In light of this, journalists covering pension reform stories should not repeat the myths about changing from defined benefit to defined contribution plans. There may well be good reasons to vote down a pension reform proposal-neither the Phoenix nor the Nevada measures were perfectly designed reforms. However, when informing the public about the merits or detractions of any particular reform that closes a defined benefit plan, the press should not repeat the myths that such a closure and replacement with defined contribution benefits will cause or has caused increases in unfunded liabilities.

— Footnotes —

[1] In both states, employers underfunded the plan by skipping out on required contributions, while at the same time the allocation of pension plan assets resulted in investment returns that significantly underperformed the long-run assumed rate of return. The actual savings have been much lower, but only relative to the funding policy failures of each state that are unrelated to pension reform. If Michigan and Alaska had managed the pension reform process correctly, they would have experienced the $7 billion and $4 billion in savings, respectively. The fact that their pension plans still have significant unfunded liabilities is due to mismanagement of the closed defined benefit plans, the costs of which have consumed the majority of the savings that pension reform created.

[2] Teresa Ghilarducci (2015), “Nevada PERS a model for nation; don’t change it,” Review Journal, March 16, 2015.
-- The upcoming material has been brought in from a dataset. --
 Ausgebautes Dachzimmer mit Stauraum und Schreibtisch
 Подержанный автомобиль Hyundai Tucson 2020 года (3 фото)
[3] Total required contributions to MSERS defined benefit plan between 1997 and 2014 have been roughly $5.5 billion, using the plan’s 8% discount rate to value accrued liabilities and determine contribution rates. Using a 7% discount rate, the contribution requirements would have been closer to $7.6 billion over the same time frame. For more on our policy findings about the most appropriate way to determine a discount rate, see: Anthony Randazzo and Truong Bui (2015), “Why Discount Rates Should Reflect Liabilities: Best Practices for Setting Public Sector Pension Fund Discount Rates,” Reason Foundation Policy Brief 130.

[4] Michael Hiltzik (2015), “Public pension shocker: Shutting a pension plan actually costs taxpayers money,” Los Angeles Times, August 21, 2015.

[5] National Institute on Retirement Security (2015), “Case Studies of State Pension Plans that Switched to Defined Contribution Plans,” February 2015, p. 10.

[6] Another way this particular myth is expressed is by arguing that because closing a plan cuts off new members, it cuts off contributions from those members. Ghilarducci claimed as much when she argued that Michigan’s growth in unfunded liabilities was because “new employees were not contributing to the old plan, and had to contribute to the new plan, [while] the system still had to pay benefits to the old members while assets were falling.” In one respect this can’t possibly be true, because employees in MSERS weren’t required to make contributions to the plan until 2011. Prior to reform MSERS was a “non-contributory” plan for employees, and after reform only members of the defined contribution plan had to make employee contributions. But even if there were required employee contributions, they would not be necessary from new members to help pay down the debts of previous members. Employee contributions are only supposed to be relative to their own benefits (see pages 6-7 of our recent policy study, “Did Pension Reform Improve the Sustainability of Pension Plans?“).

[7]Teresa Ghilarducci (2015), “Nevada Pension Reform: First, Do No Harm,” Oral testimony to the Nevada State Legislature.

[8] Changes to actuarial assumptions (in particular, the discount rate) have moved the state toward a higher-though more accurate-recognition of the value of accrued liabilities, and thus are reporting larger unfunded liabilities today simply by virtue of a change in the discount rate relative to the pre-reform years. Thus, at a very simple level it is inaccurate to suggest that the increased contribution rates in Alaska are because of the closed defined benefit portion of the plan.

[9] National Institute on Retirement Security (2015), p. 5.